» **To do**: Would you restate every entry below word for word? Leave out the pictures.

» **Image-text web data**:
^^^^^^^^
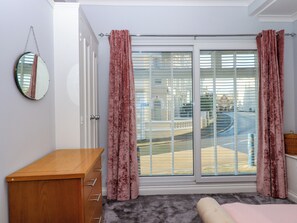 1 bedroom, individually decorated, individually furnished, free WiFi - Flat 2 (Teignmouth)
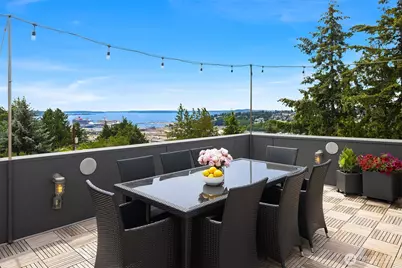 2560 12th Avenue W, Seattle, WA 98119 - Photo 3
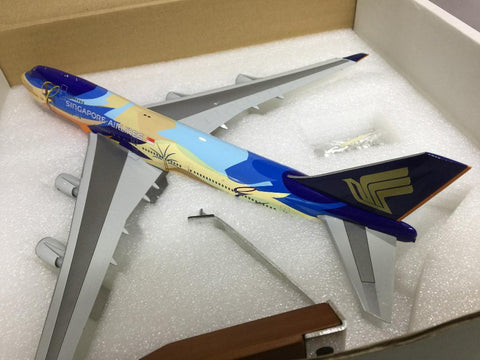 JC WINGS 1/200 SINGAPORE AIRLINES TROPICAL BOEING 747-400 9V-SPL (BBOX2523) (C1081-8)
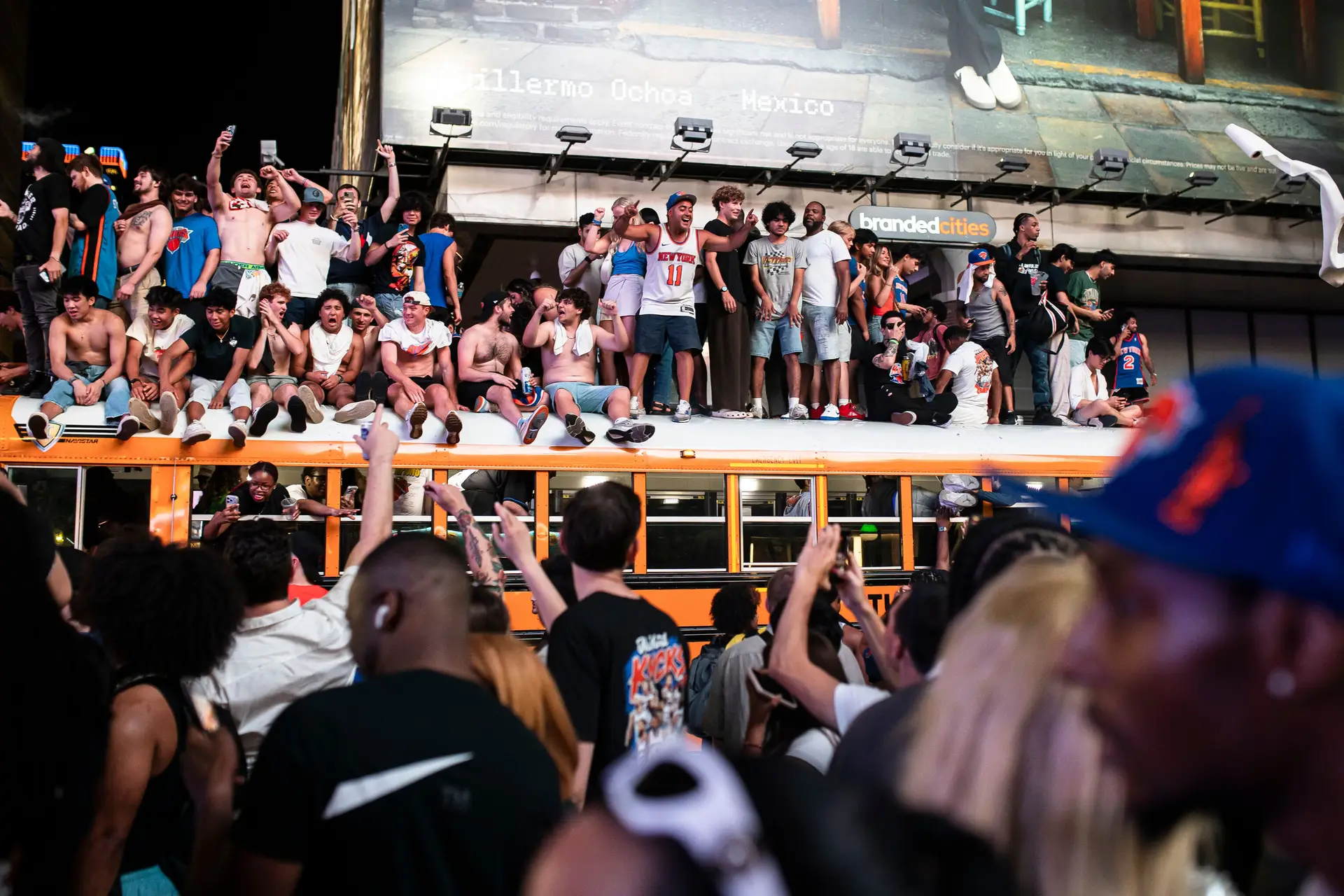 Adeptos dos New York Knicks festejam na Times Squere, em Manhattan, depois da equipa confirmar o seu primeiro título da NBA desde 1973
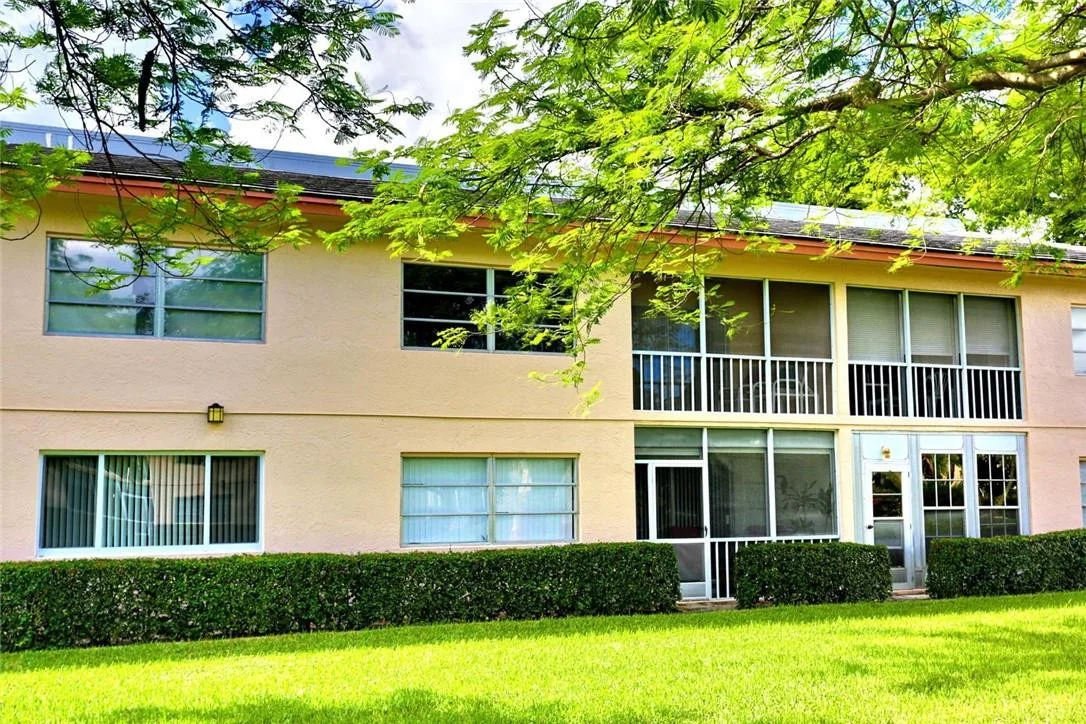 Photo of Unit B2 at 1108 Bahama Bend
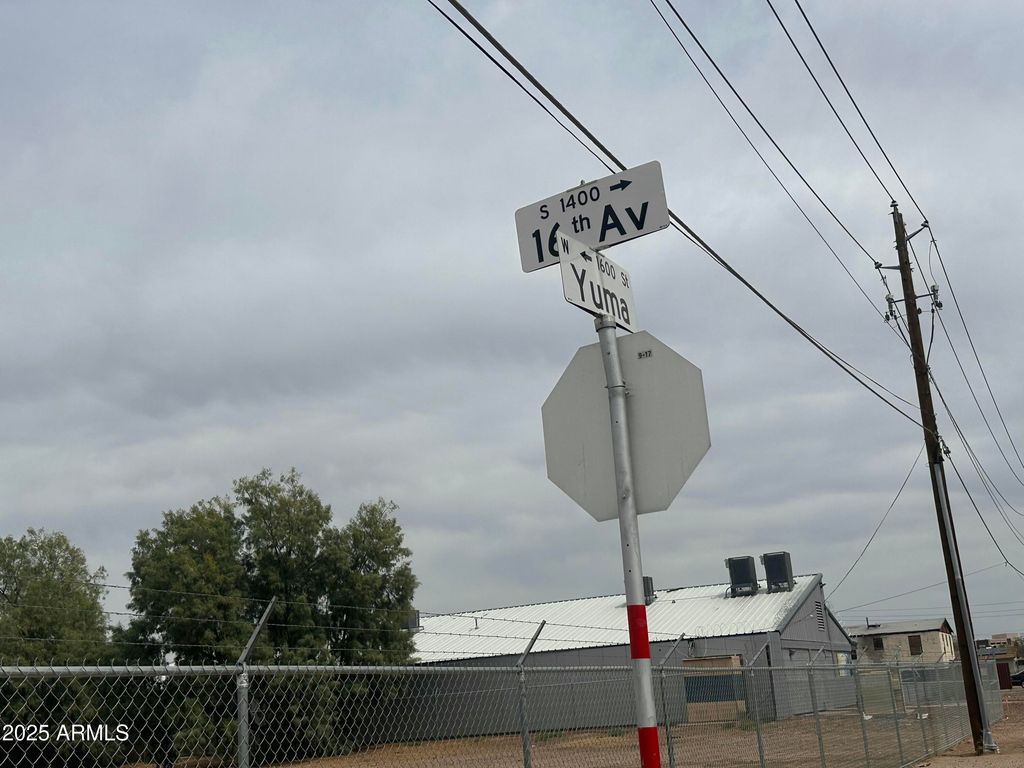 Photo of 1239 S 16th Avenue #NA, Phoenix, AZ 85007 (MLS # 6843992)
^^^^^^^^
» **Response area**:
 1 bedroom, individually decorated, individually furnished, free WiFi - Flat 2 (Teignmouth)
 2560 12th Avenue W, Seattle, WA 98119 - Photo 3
 JC WINGS 1/200 SINGAPORE AIRLINES TROPICAL BOEING 747-400 9V-SPL (BBOX2523) (C1081-8)
 Adeptos dos New York Knicks festejam na Times Squere, em Manhattan, depois da equipa confirmar o seu primeiro título da NBA desde 1973
 Photo of Unit B2 at 1108 Bahama Bend
 Photo of 1239 S 16th Avenue #NA, Phoenix, AZ 85007 (MLS # 6843992)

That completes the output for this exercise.